So, here's a recap of what happened with my experiment in Standards Based Grading. Here's my idealistic, no-points system I started with in the fall of 2012.
There were a lot of problems with it. I had just started my graduate program, and combining the workload of redesigning how I teach and assess with the graduate workload was a bad idea. It took me a loooong time to write up meaningful feedback about what went wrong and what went right for each student. My students, despite the feedback I was writing up and the general rubric, had no idea what the difference between a "proficient" and an "advanced". They wanted me to spell it out for each topic, and I struggled to figure out a way to do that without just telling them the answers to everything. Adding the general, "I'm looking for you to pull together all of the ideas about this topic and use them and express them in a concise and mathematical way," was not an illuminating statement for them.
Most of my students were really unhappy about this grading system. They didn't want to be guinea pigs, they didn't want it to jeopardize their chances for college, they didn't think it was fair. Near the end of the semester, my director and our college counselor joined me in the classroom and ran a discussion with the students to let them say what they needed to say. I stayed (mostly) silent, and took notes on what they were saying. Here's a summary of the major points:
- Ease into it – start with younger students, not seniors!
- HW optional a bad idea… it won’t get done, despite the best intentions. Grade it.
- Need more help determining what each level of work looks like
- Are they being graded against a standard or other students’ work?
- Scaffold communicating what they understand
- Don’t like grade fluctuations, want some stability to count on.
- Different from previous courses – getting the answer isn't the focus anymore.
- Oral assessments are a great idea
The open discussion helped adjust the mood of the classroom, and I tried to implement some of those suggestions in our last few weeks of class, but they knew that I wouldn't change the whole system for just a few weeks.

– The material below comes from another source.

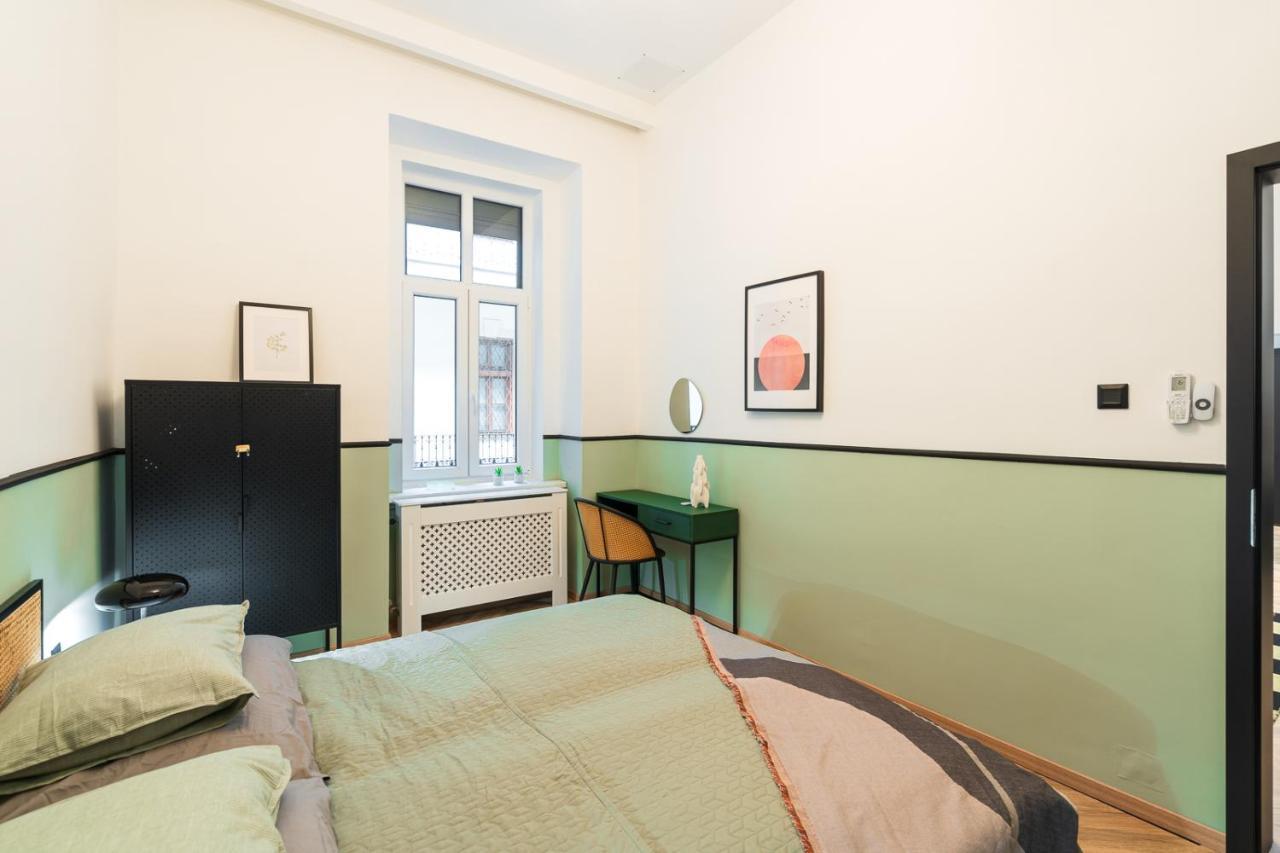 Luxury Peaceful Apartment By The St Stephen'S Basilica Budapešť Exteriér fotografie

But I certainly did for the next semester, Spring 2013 (we're on a 4x4 block schedule, so I had new classes). I was exhausted from trying to keep up with the workload of my system and looking to both ease up on how much work it was and how much complaining I got. So I gave up the "no points" idea and my 5 levels of achievement. Instead, I would take my assessments, figure out how many points there were for each skill in each problem and total them up. I didn't use a fixed 5 or 10 points for skills. It made it easier to grade, and for students to see what points they didn't earn. I was still writing comments for them, but they weren't quite as involved. The downside was that each time we reassessed a skill as a class, the base number of points changed. That made it a little harder to look at the scores as a quick reference for growth or decay over time.
I was going to say that another downside was a return to a fixation on getting points, but given how much trouble the previous class gave me over "Why isn't this advanced? See I had this thing that SHE wrote about..." I'm not sure there really was a change in mindset. Just a change in terminology.
I'm not really sure if what I'm doing counts as SBG anymore, since I'm using points again, but I kept the aspects that focused on growth over time and communicating what skills need to be worked on, so I'm going to call it an SBG-hybrid. I feel guilty from time to time when colleagues still refer to what I do as SBG, but this post by Frank Noschese eases that a bit.